From the Environmental Markets Fairness Foundation (EMFF), we welcome the publication of the European Union’s document “Roadmap towards Nature Credits.” This roadmap marks a decisive moment in the development of a strategically designed, ecosystem-focused, and methodologically sound nature credit market.

The text rightly recognizes that nature is not merely a heritage to be preserved, but a vital infrastructure that sustains life and the economy. EMFF has clearly upheld this principle since its inception:

All human activity—productive, economic, social, and cultural—is directly or indirectly based on natural resources.

This is not just a fraction of GDP; it is the very fabric that supports any form of development.

Why is this document important?

The European Commission’s roadmap lays the groundwork for a nature credit market built upon four core pillars:

1.      Multisectoral cooperation: bringing together public institutions, private actors, and civil society to align criteria and promote a shared vision.

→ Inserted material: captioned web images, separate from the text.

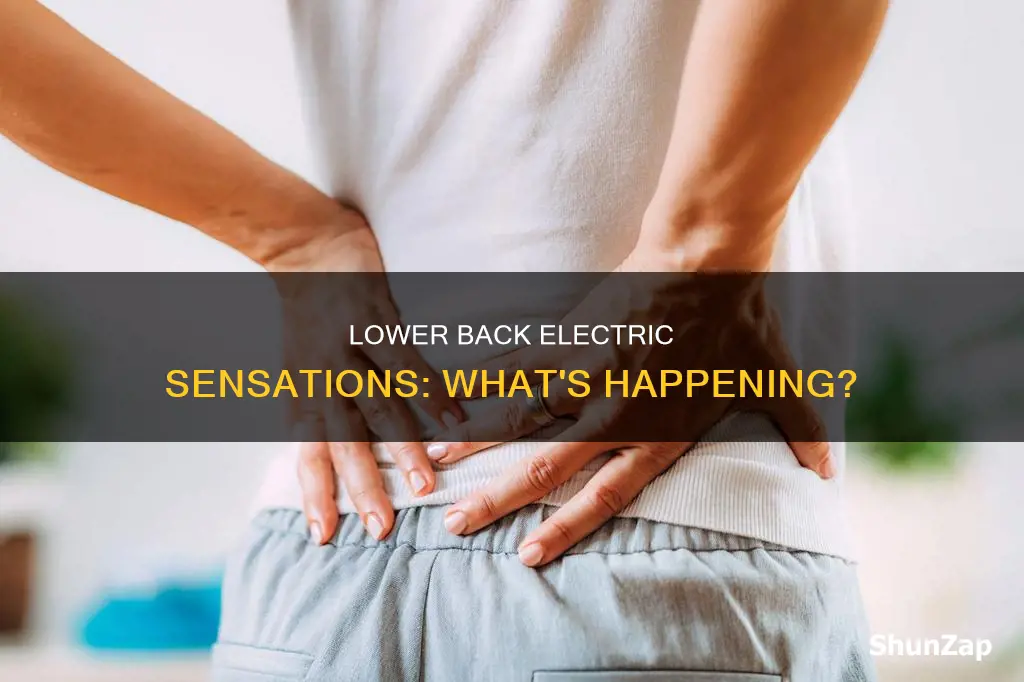 why do my lower back feel electric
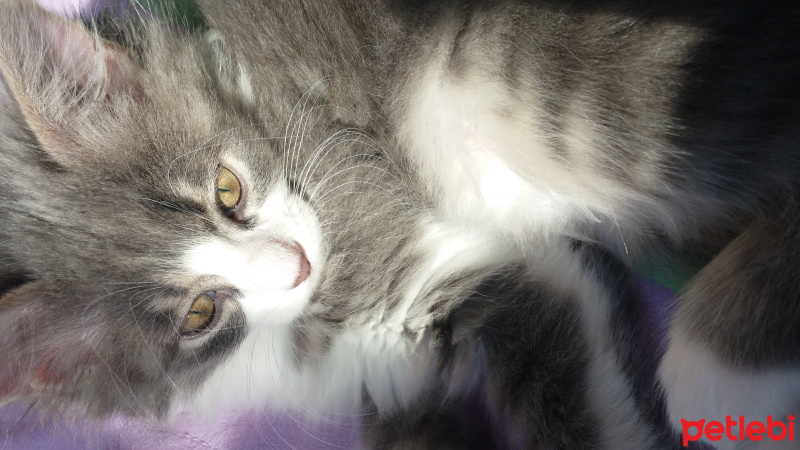 Tekir Kedi, Kedi  İvam fotoğrafı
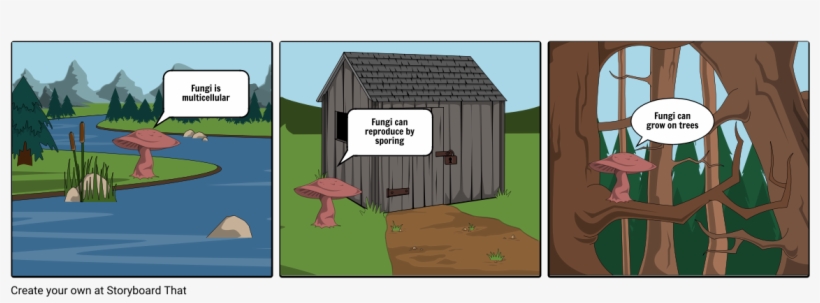 Fungi, transparent png #7471416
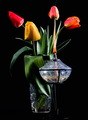 tulipani &…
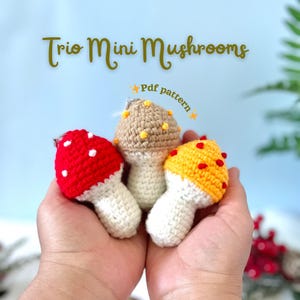 Crochet Pattern Mushroom | Amigurumi Mushroom Pattern | Trio Mini Mushroom Crochet Amigurumi Pattern | No Sew Crochet Pattern | English PDF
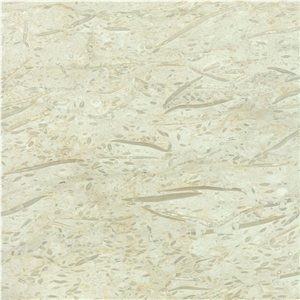 Fossil Beige Limestone Slabs, Turkey Beige Limestone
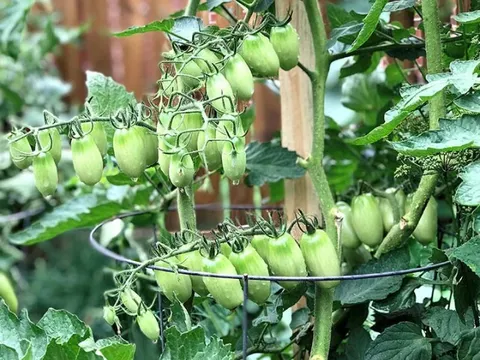 Loại quả được đánh giá "tốt nhất thế giới", 15.000 đồng/kg bán đầy chợ Việt, trẻ ăn 1 bát cao thêm vài cm mỗi năm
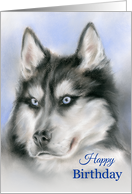 Happy Birthday Siberian Husky Dog Portrait Pastel Art card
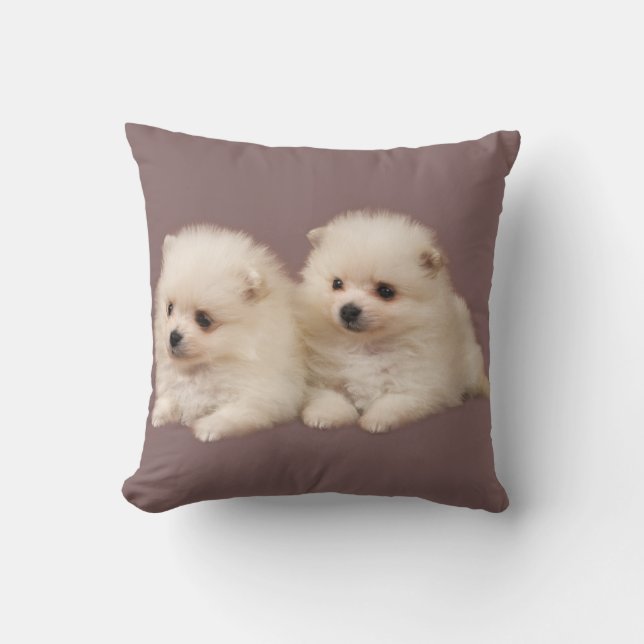 Pillow Pommo Pommern Pelow Kudde (Framsida)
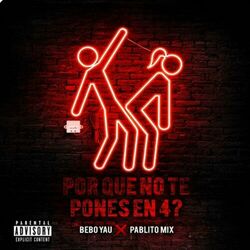 Cover of Por Que No Te Pones En 4?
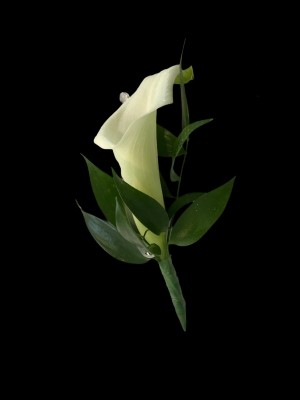 Calla, lily, buttonhole, button, hole, groom, best man, dad, usher, wedding, flowers, Northfleet, Gravesend, Kent, London, Medway, essex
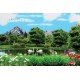 Wallpapers 3D view of lake and swans Wallpapers 3D view of lake and swans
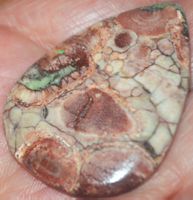Cabochon L-1107 – Vogel Augen Jaspis – 42x31x5mm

2.      High-integrity methodologies: simple, robust, adaptable frameworks with social and environmental safeguards.

3.      Market development: encourage genuine supply and demand, with traceability and verifiable value.

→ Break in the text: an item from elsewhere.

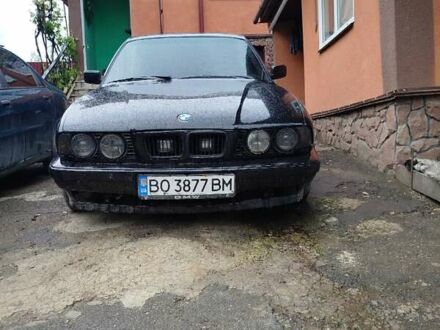 БМВ 5 Серия 1995 в Тернополе на Automoto.ua Черный БМВ 5 Серия, объемом двигателя 2.5 л и пробегом 403 тыс. км за 2002 $, фото 1 на Automoto.ua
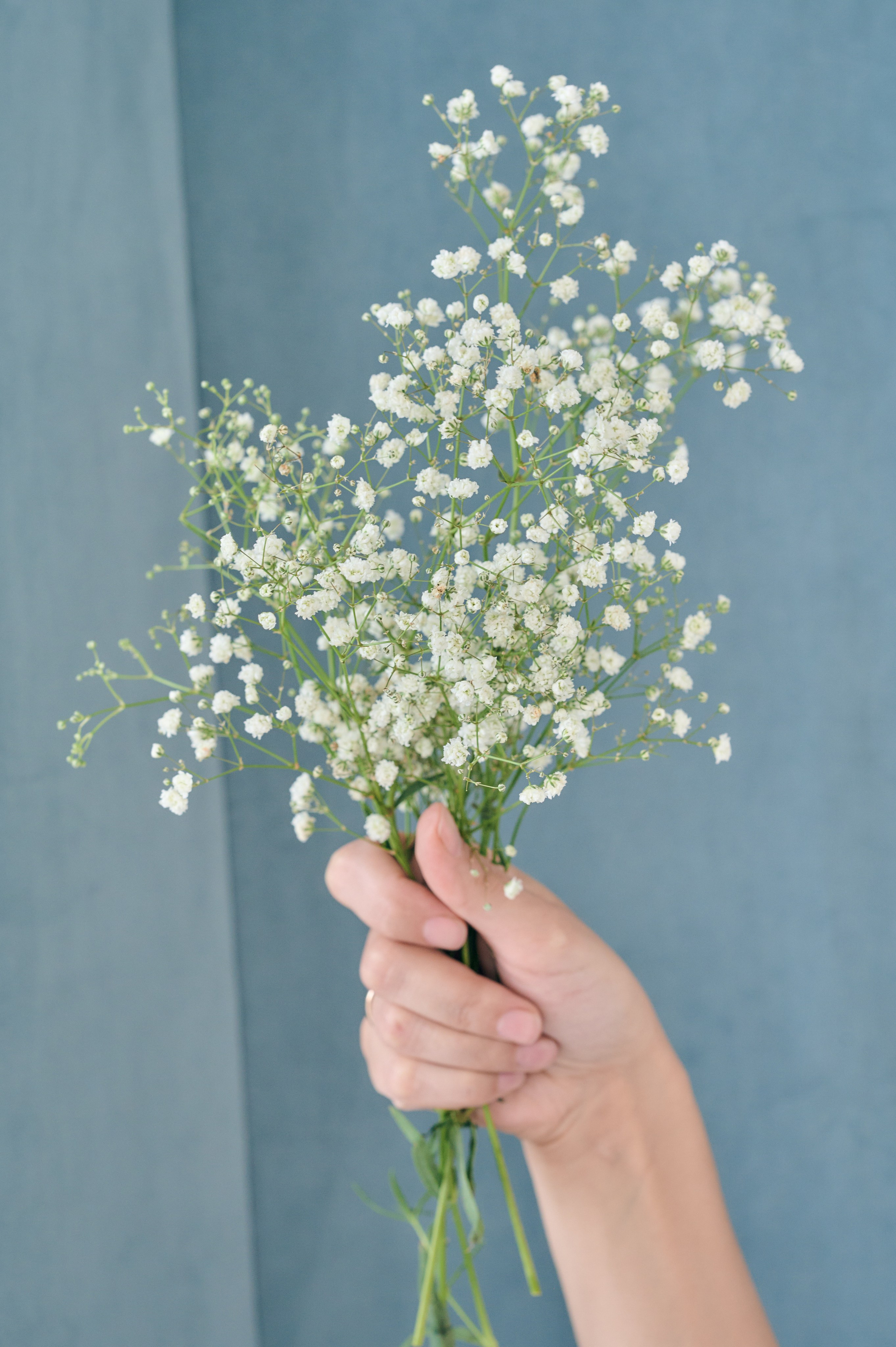 Фотосессия Оля 25.10.21. Никита Хохловский фото и видео продакшн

4.      Catalytic financing: reducing risks and unlocking private investment through initial public funding and blended finance mechanisms.

A key aspect of the European approach is its attention to scale. The proposed framework aims to fairly and effectively include those on the front lines of nature conservation—farmers, fishers, local communities, and ecosystem managers. Their role is strategic, and their recognition is essential.

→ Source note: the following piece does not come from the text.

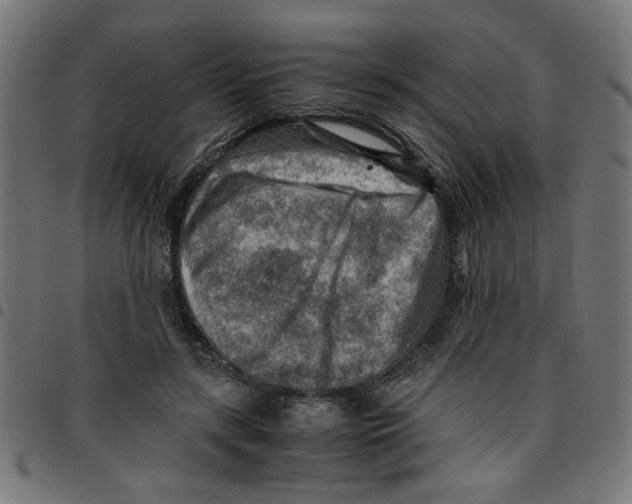 X0000096940547200803071008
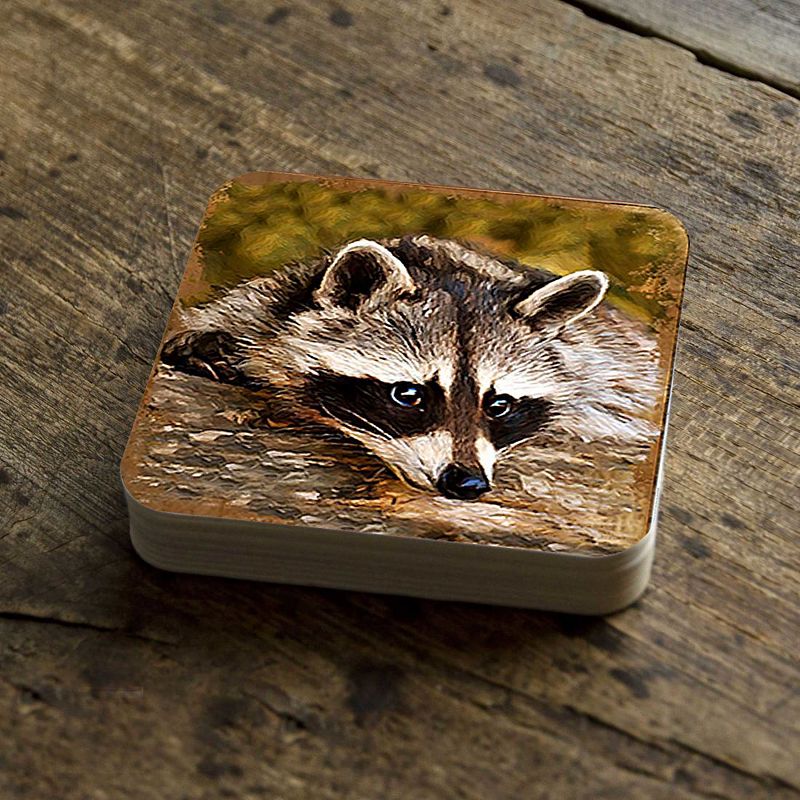 Raccoon Wooden Cork Coasters Gift Set of 4 by Nature Wonders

A turning point in environmental markets

Since 2023, confidence in environmental markets has been under pressure. Investigative journalism revealed serious structural flaws in forest carbon credits issued by one of the world’s leading certifiers. This triggered a domino effect: investment retreat, growing scepticism, and concerns about greenwashing.

Although biodiversity credits are a distinct tool, they face similar challenges:

  • Lack of comparable and standardized data 
  • Methodologies not easily adaptable to different ecosystems 
  • Difficulties in demonstrating additionality, permanence, and traceability

There is a risk of adopting standardized solutions that fail to reflect the true diversity of ecosystems.

Insights from Latin America

At EMFF, we have conducted in-depth analyses of biodiversity methodologies, focusing on concrete experiences in Latin America. This experience allows us to clearly identify the strengths and weaknesses that must be addressed to avoid design flaws and achieve real, lasting impact.

We know that many existing methodologies can serve as a starting point, but they often fall short in capturing the ecological, legal, and social complexity of each territory. Biodiversity does not accept one-size-fits-all solutions. We need rigorous, adaptive, and locally relevant approaches.

Building bridges for fair markets

Thanks to our track record in environmental markets and our broad network of technical, territorial, and financial actors, EMFF is well-positioned to understand the real needs of both ends of the market—supply and demand—and translate them into effective solutions together with methodology developers.

For environmental markets to fulfill their promise, we must build bridgesnot barriers. The design must be collaborative, evidence-based, and action-oriented.

A new framework of trust

Global initiatives such as the ICVCM, TNFD, and SBTN are already establishing integrity standards—additionality, permanence, transparency, and safeguards—as fundamental criteria. The European roadmap aligns with this momentum, proposing a market architecture centred on trust.

At EMFF, we believe this is the right path.

The EU’s proposed roadmap is a clear signal that the future of environmental markets cannot rely on opacity or the easy promise of offsetting. Instead, it must be built on carefully designed instruments that generate trust, drive structural change, and respect the diversity of territories and the people who inhabit them.

We will continue contributing our experience to the development of environmental markets that are fair, transparent, and aligned with the challenge of regenerating our ecosystems—without losing sight of equity and integrity.